Río Doce/Javier Valdez.- Los periodistas llegaron así, sin más. Sin aviso ni permiso ni salvoconducto. Se dirigieron a la casona, en la cima del cerro, donde los recibió un hombre montado en una cuatrimoto. Les preguntó que querían. Le explicaron que buscaban a la mamá del señor, para entrevistarla.
El capo se había fugado de la cárcel y la noticia era mundial. Y ellos estaban ahí, emocionados y empeñados en conseguir una exclusiva con su madre. Habían llegado desde gringolandia, con cámaras, tripiés, luces, cables, micrófonos. Subieron y bajaron los vericuetos de la Sierra Madre Occidental, en esa camioneta todoterreno. Cinco horas de camino, brincoteos, sacudidas y meneos, para llegar hasta esa finca, donde ese hombre los miraba con desconfianza y recelo.
Quién es el camarógrafo, preguntó. Señalaron a uno de los güeros, quien no hablaba español. Se lo llevó hasta dentro de la casa, pero como no regresó en veinte minutos ellos se desesperaron y se dispusieron a ver qué pasaba. Cuando dieron diez pasos los atoró un grupo de jóvenes: flacos, altos, con cachuchas y pecheras y un cuerno de chivo cada uno, altivos y con el sol en la frente. Entonces apareció el camarógrafo y les explicó.
Quieren dinero. Pero también quieren saber si alguien nos mandó. Uno de los pistoleros traía un aparato blanco, con una antena grande. Era un teléfono satelital. Tenga, aquí le llaman. Tomó el aparato la productora, la única mujer que iba en el grupo. Hablaron un perfecto inglés. Mientras dialogaban, los otros encuernados no les quitaban la vista: traían agujas rojas y blancas en esa mirada polar, el mutis en esos labios cocidos con saliva y lengua seca. No hablaban, solo miraban y mantenían los automáticos en sus manos y el índice estirado.

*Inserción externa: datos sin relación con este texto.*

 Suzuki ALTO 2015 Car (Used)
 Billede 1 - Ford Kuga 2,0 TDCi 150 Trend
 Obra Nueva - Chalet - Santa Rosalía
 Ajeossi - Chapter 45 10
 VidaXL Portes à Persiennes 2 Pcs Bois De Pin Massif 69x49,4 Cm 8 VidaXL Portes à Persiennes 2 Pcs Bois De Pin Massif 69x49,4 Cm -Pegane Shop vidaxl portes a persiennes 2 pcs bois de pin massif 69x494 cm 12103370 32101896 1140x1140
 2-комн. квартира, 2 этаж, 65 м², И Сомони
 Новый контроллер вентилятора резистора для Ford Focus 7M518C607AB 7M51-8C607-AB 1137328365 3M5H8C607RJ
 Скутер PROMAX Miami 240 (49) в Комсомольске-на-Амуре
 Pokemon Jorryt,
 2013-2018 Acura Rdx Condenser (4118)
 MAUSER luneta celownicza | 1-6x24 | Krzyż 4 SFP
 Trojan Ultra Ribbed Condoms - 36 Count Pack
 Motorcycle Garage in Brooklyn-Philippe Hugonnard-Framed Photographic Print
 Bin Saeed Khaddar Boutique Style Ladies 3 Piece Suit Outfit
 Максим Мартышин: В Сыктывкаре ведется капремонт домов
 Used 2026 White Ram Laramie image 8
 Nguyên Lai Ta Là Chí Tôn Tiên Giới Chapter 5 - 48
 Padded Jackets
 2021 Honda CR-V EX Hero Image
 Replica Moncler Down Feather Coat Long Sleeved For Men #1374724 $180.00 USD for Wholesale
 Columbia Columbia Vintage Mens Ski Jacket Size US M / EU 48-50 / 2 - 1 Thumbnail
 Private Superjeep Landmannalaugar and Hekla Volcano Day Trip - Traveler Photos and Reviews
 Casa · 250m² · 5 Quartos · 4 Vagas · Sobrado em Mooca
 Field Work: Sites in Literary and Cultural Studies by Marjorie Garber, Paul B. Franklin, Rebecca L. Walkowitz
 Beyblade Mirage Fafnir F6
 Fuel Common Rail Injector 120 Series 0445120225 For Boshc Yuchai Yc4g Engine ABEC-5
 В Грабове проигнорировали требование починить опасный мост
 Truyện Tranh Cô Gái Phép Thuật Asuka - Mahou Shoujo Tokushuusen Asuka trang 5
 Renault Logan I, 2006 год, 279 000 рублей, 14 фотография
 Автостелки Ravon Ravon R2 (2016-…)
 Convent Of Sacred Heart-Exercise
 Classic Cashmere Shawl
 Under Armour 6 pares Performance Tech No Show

La mujer se puso roja y luego blanca y luego se le fue el color y palideció: una muerte pequeña, chiquitita, parecía instalarse en sus mejillas, en esos labios sin sangre y esa voz viva se hizo arenosa, densa, de palabras atropelladas. Sí, sí. Está bien. Sí, así será. No se preocupe. Disculpe, por favor. Dejó el aparato en manos de uno de los desconocidos y les dijo a sus compañeros vámonos. Vámonos, repitió fuerte y temblorosa.
En voz baja les anunció: en el camino les explico. El hombre con el que había hablado tenía la voz de un joven e inicialmente había sido muy educado. Se refirió a la madre del jefe como la abuela y dijo que sí a la entrevista. Pero todo se complicó cuando él preguntó que si cuánto iban a pagar. Ella respondió cuánto quieres. Él reviró: cuánto traes. Nada, dijo. Y todo se quebró. El hombre le dijo entonces qué chingados estamos negociando. Si no tienen un centavo lárguense a chingar a su madre a otro lado. Tienen treinta minutos para pelarse. Váyanse. O los mato.